NACHMAN: Well, I’m still confused. If I-if somebody punched me in the nose standing on Wayne Newton Boulevard and I called the metro police and swore out an assault complaint, they’d lock that person up.
MEEK: You would think. There’s some interesting things that have occurred both in this case and some other cases that we’re looking at. We know, for example, there’s another lawsuit filed against the club alleging that there was brutality by the bouncers, and some of the people who were in that party actually had one of those digital cameras. They took photographs of police on the scene, and, when we went back to try and...
NACHMAN: Glen, let’s...
MEEK: ... find a police report, there was none...
NACHMAN: What’s been...
MEEK: ... and, apparently, the police are telling some of these people, hey, you’re drunk, you know, do you really want to get into this, are you going to come back and testify, why don’t you just go home and forget about it.

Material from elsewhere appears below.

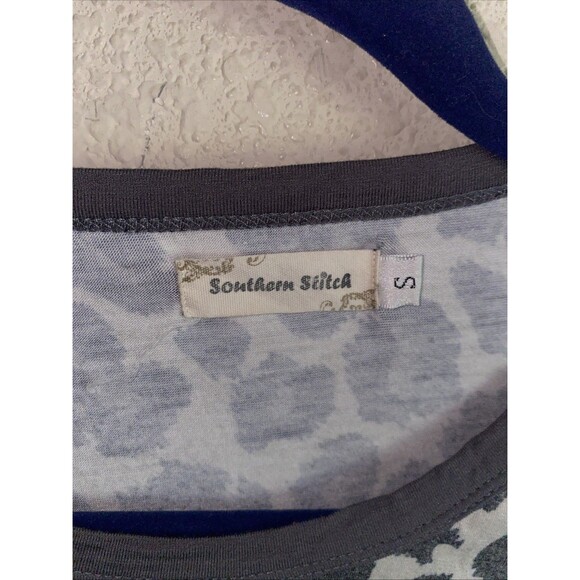 Southern Stitch Leopard Long Sleeve Cross Baggy Oversize Soft Stretch EUC S - Picture 2 of 4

NACHMAN: What’s been the reaction to the apparently mobbed-up people who work there?
MEEK: Yes. Well, once again, these are simply allegations coming out of the lawsuit. You, obviously, have some people that have been alleged to have connections to some mob figures or organized crime figures. Again, these are simply allegations, and I want to stress that, but, obviously, it’s something that people are looking at.
NACHMAN: Have you gotten any-have you gotten any threats or funny looks or weird phone calls?
MEEK: No, I got-I got a strange postcard after this, but I have no way of knowing whether it was connected to this particular story.
NACHMAN: OK. Can you tell us what it said?
MEEK: Not in polite company, no. I mean, it was-it was literally a string of profanity and something about a guy paying his dues to society, speaking of which I do want to point out that the police officer that we showed who was the bartender and formerly involved in that mob-run burglary ring died about four days after our story of a heart attack, apparently natural causes, and he had retired from the bar a few days before that-or a few weeks before that.
NACHMAN: Glen, I’m getting a speed-it-up cue. So I’m going to say goodbye. We’re going to look forward to having you again with your next investigation. Thank you.